───── GIVEN MATERIAL

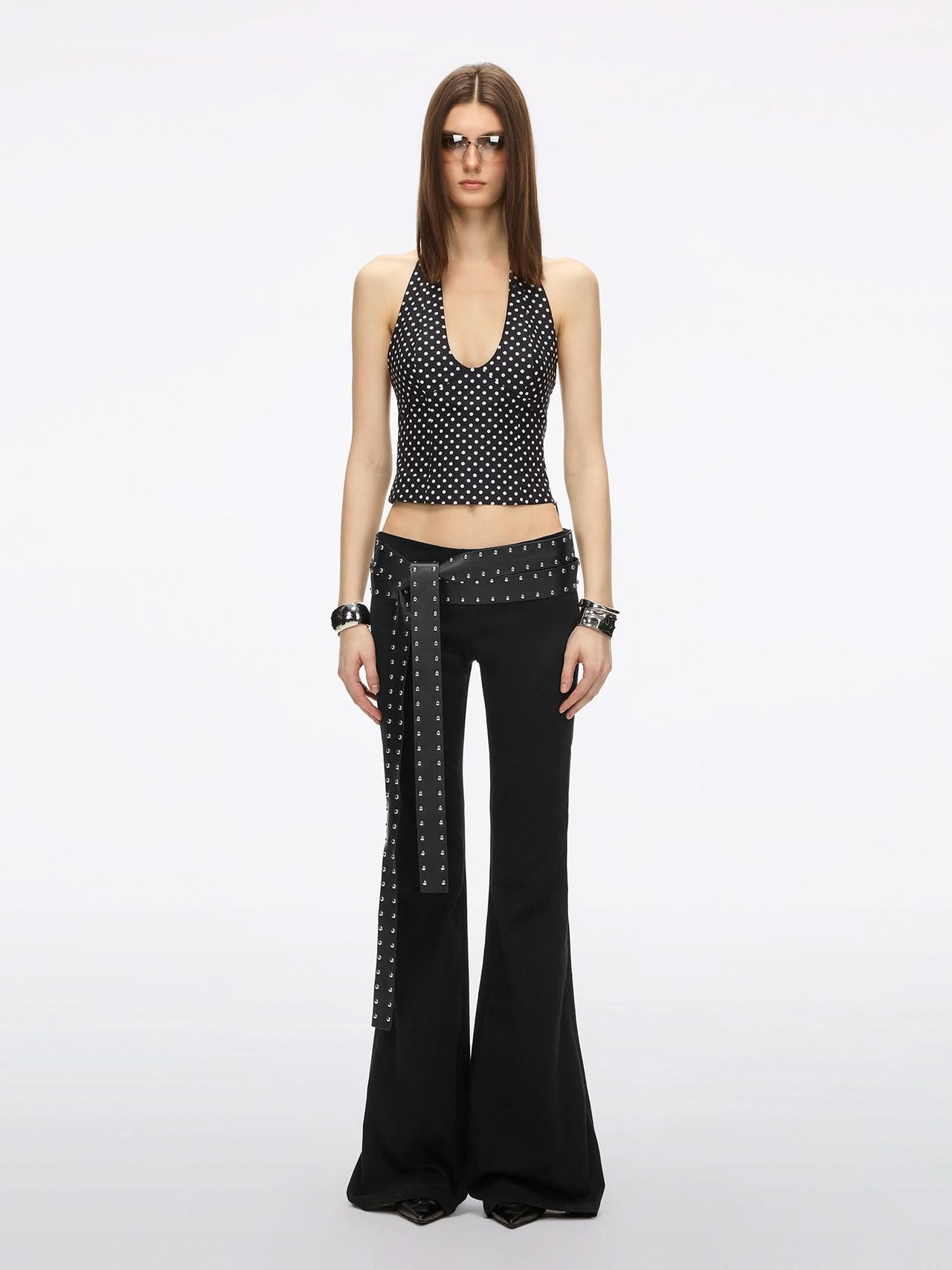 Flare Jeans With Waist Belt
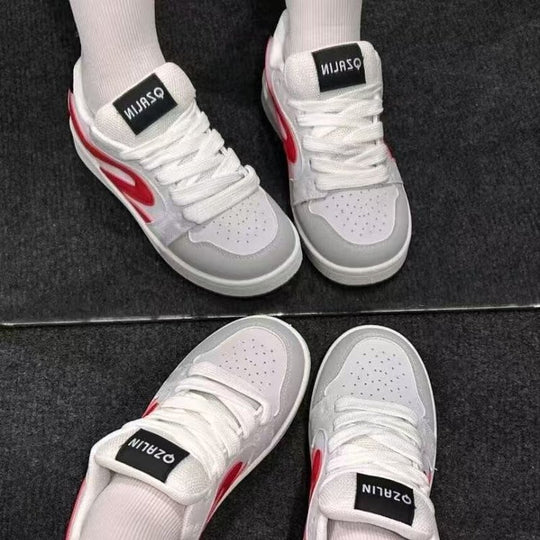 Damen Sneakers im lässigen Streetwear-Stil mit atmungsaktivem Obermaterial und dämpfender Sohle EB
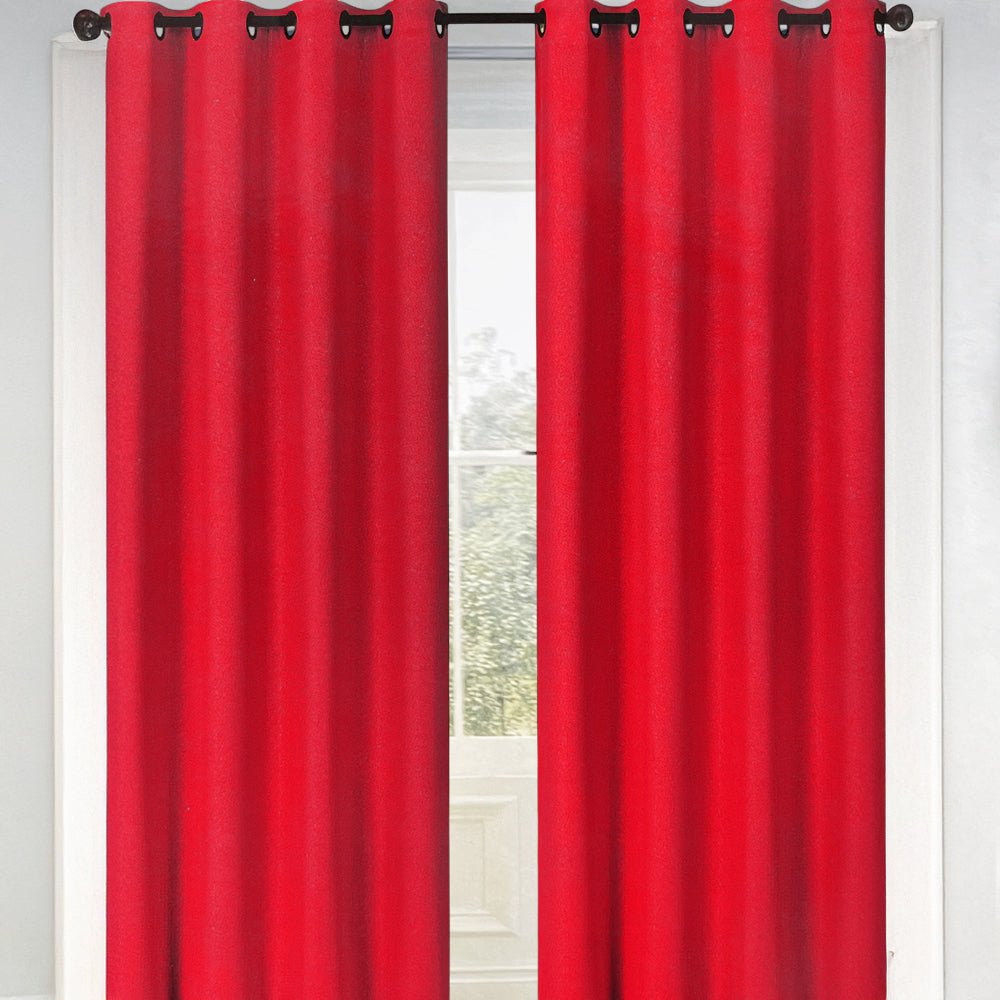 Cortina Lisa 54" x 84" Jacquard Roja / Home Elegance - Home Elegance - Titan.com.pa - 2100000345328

──────────

AIM OF THE EXERCISE: Would you please retype the material above exactly and leave out each picture?

EXERCISE SOLUTION:
 Flare Jeans With Waist Belt
 Damen Sneakers im lässigen Streetwear-Stil mit atmungsaktivem Obermaterial und dämpfender Sohle EB
 Cortina Lisa 54" x 84" Jacquard Roja / Home Elegance - Home Elegance - Titan.com.pa - 2100000345328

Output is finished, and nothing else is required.